50 Years of Interstate Construction
President Eisenhower championed the construction of the interstate highway system.Jacobs had, as the cliche goes, an axe to grind about the theories that led to the interstate highway system and the ignored human and community costs with these improvements for a “public good.”
That was evident in the work she published late in the 1950s and early 1960s that The Death and Life of Great American Cities collected, contemporaneous to the system’s genesis. 50 years later, she’s still bringing it up.
Yesterday, I highlighted her comments regarding our shortsighted jettisoning of the streetcars and the consequent impact on family and community life. She promises to come back to the point, and does:
The shortsighted destruction of community in America was easily trumped by the righteousness of full employment. “Credentialing versus educating,” Dark Age Ahead (p59)
Jacobs gets back to this point in a roundabout way as she is discussing the shift in university business from education to credentialing. I’ll save more on that for tomorrow.
Credentialing, she claims, is an indirect outcome of the Great Depression. She draws the same line between that era and the overwhelming good of full employment - which highway projects were purported to assist. We sacrificed much to achieve full employment - including the communities these interstates bisected and the way of life we replaced with automobile “freedom.”
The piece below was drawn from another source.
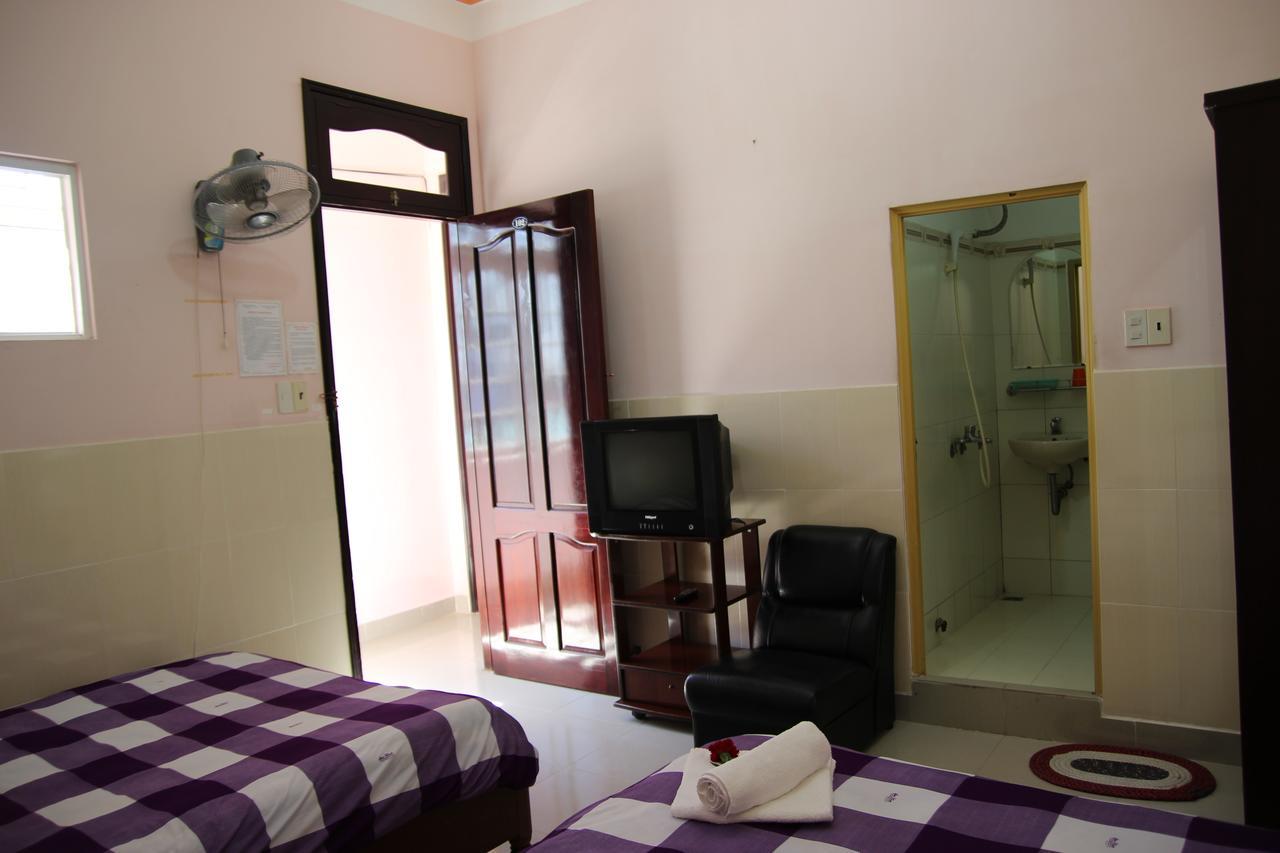 Bo Cong Anh Hotel Đà Lạt Exterior foto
The picture is substantially more complicated than she painted it back in the Introduction to Death and Life. She tore into the planning theories encouraging decentralization and Corbusian towers (and the highways that feed them).
It’s no longer just about theory. She’s witnessed much over 40-50 years of sprawl. As an economist, she’s observed the financial, social, and even psychological incentives that fueled decentralization, or sprawl. So, I’ll try and collect a list of these incentives as she brings them up.